Rée’s reputation faded after her death. Sophia Colditz speculates that this may have been because of the feeling that to identify too closely with her, and her work, might be viewed with suspicion by the authorities: “People perhaps feared that her Jewish ancestry could lead to their own undoing”. Some of the murals she had painted were covered over, and individual examples of her work were hidden. A groundskeeper at the Hamburg Kunsthalle stored some of her paintings in his apartment so that they wouldn’t be destroyed by the Nazis.

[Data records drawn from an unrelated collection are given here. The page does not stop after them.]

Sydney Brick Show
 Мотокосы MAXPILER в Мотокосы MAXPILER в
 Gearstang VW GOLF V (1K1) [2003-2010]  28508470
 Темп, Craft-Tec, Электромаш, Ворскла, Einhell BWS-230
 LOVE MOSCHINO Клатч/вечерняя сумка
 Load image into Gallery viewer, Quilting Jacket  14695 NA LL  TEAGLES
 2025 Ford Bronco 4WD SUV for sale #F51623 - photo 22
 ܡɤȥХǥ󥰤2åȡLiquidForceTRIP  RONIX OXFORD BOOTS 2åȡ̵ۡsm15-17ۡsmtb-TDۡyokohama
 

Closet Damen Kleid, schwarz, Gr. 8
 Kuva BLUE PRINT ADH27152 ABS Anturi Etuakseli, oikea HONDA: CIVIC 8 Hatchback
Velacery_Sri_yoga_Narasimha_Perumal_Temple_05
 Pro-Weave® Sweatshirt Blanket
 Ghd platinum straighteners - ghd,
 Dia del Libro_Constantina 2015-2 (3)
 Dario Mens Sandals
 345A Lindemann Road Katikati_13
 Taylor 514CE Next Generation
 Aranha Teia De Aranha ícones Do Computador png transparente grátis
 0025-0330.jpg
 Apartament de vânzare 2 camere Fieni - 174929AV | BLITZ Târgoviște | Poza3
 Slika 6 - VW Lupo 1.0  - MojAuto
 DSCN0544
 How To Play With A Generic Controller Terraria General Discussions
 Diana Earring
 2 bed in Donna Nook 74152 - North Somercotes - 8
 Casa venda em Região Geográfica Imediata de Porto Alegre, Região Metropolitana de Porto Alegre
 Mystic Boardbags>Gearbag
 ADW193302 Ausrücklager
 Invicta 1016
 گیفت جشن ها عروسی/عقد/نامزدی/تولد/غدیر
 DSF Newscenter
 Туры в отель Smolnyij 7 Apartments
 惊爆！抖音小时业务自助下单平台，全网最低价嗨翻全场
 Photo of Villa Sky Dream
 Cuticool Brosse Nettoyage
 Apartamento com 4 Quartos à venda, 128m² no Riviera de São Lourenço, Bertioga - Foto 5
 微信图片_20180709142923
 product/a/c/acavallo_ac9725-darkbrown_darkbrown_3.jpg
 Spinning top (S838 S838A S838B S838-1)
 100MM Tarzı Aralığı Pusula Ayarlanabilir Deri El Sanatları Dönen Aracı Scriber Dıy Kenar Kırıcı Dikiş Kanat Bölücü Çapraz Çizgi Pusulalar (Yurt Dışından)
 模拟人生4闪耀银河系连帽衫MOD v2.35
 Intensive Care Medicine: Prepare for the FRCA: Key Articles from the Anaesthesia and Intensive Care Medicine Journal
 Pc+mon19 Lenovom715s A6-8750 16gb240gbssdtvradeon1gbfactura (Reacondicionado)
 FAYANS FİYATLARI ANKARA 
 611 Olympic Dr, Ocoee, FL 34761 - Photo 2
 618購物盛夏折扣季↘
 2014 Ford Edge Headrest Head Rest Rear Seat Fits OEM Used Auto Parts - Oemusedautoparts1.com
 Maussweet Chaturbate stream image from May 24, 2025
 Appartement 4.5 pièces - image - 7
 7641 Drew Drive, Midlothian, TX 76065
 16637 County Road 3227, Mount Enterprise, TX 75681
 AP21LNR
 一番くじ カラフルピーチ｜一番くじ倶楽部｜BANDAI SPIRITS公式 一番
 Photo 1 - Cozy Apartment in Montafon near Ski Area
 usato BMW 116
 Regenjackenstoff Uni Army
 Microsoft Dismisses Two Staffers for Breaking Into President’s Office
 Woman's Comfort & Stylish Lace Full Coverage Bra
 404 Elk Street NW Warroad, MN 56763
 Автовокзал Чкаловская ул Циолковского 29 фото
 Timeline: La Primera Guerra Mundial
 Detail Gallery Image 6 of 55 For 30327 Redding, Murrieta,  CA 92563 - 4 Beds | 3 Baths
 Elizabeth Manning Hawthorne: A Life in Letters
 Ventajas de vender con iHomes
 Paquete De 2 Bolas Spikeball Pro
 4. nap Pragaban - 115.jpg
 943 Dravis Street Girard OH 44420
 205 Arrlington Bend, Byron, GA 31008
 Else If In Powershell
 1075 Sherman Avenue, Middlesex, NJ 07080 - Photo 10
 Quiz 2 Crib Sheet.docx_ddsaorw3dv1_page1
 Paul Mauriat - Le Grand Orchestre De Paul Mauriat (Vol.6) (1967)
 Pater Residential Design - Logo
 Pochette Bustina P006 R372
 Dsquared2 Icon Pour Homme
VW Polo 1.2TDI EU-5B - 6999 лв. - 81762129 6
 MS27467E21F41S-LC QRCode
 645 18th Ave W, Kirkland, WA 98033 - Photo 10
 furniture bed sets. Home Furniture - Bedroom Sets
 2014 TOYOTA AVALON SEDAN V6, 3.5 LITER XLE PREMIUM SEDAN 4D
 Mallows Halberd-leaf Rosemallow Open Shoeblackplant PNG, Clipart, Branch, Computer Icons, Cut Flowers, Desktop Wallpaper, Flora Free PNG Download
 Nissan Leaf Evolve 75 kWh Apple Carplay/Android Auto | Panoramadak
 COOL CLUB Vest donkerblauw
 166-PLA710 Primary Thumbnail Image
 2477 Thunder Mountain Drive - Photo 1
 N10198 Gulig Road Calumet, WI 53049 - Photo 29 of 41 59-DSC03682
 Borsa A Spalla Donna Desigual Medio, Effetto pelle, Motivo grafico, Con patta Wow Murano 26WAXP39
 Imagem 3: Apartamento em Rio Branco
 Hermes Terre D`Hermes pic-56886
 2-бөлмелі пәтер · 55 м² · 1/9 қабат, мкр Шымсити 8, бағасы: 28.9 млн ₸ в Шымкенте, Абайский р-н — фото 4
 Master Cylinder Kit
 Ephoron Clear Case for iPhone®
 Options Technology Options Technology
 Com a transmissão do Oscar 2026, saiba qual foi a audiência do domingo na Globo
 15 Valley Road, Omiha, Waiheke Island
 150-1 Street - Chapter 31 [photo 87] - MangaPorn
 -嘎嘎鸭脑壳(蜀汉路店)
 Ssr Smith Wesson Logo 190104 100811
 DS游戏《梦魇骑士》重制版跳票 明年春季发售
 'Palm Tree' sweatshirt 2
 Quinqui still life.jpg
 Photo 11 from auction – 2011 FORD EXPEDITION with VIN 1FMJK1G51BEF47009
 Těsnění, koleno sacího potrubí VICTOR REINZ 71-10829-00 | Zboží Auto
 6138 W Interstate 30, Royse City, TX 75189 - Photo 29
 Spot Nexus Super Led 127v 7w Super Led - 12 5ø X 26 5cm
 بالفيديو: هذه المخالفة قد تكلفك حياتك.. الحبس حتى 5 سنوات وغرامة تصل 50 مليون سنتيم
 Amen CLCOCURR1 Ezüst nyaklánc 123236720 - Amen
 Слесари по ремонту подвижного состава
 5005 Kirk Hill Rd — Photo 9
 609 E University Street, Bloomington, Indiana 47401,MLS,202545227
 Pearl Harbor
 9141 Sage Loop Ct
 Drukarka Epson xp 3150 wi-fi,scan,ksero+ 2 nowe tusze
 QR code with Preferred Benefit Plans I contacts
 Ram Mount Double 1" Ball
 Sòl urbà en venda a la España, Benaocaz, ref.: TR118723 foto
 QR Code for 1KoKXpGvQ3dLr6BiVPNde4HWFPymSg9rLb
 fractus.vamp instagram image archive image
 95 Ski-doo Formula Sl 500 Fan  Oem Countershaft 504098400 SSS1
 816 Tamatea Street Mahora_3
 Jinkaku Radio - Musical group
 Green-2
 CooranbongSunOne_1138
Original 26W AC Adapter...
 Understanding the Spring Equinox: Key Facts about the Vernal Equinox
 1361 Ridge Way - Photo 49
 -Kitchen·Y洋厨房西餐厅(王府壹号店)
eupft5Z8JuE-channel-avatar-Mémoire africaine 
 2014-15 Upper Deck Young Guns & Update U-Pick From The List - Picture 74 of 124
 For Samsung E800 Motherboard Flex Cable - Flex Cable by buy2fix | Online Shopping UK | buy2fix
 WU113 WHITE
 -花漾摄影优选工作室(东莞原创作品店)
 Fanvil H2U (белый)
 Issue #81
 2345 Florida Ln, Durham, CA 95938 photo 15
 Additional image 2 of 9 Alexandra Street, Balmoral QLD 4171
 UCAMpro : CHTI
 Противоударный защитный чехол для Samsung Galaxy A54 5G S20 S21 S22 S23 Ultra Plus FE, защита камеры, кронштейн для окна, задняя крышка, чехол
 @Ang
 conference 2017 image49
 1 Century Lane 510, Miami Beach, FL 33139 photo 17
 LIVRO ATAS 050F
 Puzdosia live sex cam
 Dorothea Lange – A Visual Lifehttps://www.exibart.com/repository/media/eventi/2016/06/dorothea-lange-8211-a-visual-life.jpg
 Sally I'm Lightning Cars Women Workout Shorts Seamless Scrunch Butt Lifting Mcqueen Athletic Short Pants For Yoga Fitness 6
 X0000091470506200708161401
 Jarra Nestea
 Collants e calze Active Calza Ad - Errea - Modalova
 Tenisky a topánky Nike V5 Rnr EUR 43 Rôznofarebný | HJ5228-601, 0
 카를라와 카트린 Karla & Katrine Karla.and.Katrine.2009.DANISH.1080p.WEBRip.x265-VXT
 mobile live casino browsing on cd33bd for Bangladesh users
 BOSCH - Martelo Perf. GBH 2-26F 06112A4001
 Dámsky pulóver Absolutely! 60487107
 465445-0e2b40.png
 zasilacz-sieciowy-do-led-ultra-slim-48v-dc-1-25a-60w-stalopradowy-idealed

Anita Rée: Retrospective is a splendid catalogue, and a great amount of effort has clearly gone into tracking down examples of her work, and details of her life. This was not always easy as many documents and other materials were discarded by her older sister following Rée’s death.

I would particularly draw attention to one of the essays, “An Art-Technological View of Anita Rée,” which looks closely at her “choice of working materials and techniques”. But all the essays are worth reading, and when combined with the extensive illustrations, provide the first English-language survey of Rées work. Formal portraits, landscapes, some experimental paintings. She had a varied approach to the creation of works of art, and from that point of view it’s easy to understand why some critics and fellow-artists thought that she had failed to establish a distinctive style of her own. Her sojourn in Italy does seem to have acted as a catalyst towards more-individual painting, and her work was given greater attention when she returned to Hamburg in 1925.

The catalogue has been published in connection with the exhibition, Anita Rée: Retrospective, at the Hamburger Kunsthalle, 6th October, 2017 to 4th February, 2018.